THE TASK ▸ Scan the entries that follow for the word "Chapter", then report every line in which it appears.

PROVIDED DATA ▸
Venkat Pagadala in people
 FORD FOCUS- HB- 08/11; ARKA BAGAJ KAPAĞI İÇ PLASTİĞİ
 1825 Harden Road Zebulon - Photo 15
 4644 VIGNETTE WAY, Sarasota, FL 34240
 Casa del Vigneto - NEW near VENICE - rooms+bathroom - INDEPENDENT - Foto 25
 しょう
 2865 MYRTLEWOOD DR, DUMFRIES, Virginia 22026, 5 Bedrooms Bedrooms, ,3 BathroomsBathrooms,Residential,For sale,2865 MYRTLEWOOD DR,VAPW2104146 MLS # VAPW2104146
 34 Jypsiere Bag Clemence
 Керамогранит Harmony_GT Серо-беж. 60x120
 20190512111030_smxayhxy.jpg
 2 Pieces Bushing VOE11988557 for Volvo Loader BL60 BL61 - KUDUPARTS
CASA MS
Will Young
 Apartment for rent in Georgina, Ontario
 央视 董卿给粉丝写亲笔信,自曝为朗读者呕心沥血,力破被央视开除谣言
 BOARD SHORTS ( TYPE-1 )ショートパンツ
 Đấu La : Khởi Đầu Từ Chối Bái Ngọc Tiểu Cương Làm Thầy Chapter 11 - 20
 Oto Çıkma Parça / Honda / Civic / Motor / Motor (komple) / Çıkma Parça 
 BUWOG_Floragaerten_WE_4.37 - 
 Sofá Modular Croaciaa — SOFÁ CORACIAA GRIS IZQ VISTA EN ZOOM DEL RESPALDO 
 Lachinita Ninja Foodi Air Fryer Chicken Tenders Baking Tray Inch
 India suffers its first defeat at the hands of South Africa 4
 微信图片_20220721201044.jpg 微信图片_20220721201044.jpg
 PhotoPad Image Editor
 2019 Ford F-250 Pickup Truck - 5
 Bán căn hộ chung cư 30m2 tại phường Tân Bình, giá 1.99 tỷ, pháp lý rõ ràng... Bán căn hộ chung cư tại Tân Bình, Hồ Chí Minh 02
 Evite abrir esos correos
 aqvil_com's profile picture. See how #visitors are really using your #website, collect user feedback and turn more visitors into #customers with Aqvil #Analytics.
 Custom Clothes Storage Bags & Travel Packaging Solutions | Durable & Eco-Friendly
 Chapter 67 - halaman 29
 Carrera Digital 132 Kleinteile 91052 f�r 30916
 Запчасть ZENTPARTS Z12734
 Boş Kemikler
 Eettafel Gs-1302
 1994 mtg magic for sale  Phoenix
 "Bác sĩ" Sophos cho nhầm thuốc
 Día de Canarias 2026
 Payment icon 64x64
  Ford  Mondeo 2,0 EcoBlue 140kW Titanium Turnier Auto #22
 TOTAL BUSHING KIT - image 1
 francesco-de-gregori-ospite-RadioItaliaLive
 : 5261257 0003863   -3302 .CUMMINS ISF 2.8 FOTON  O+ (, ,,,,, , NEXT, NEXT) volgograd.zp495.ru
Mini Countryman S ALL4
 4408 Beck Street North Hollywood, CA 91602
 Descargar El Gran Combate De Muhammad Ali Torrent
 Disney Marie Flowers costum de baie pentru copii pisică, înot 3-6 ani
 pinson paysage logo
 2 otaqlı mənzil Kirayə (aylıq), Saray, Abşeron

RESULT OF THE EXERCISE ▸
 Đấu La : Khởi Đầu Từ Chối Bái Ngọc Tiểu Cương Làm Thầy Chapter 11 - 20
 Chapter 67 - halaman 29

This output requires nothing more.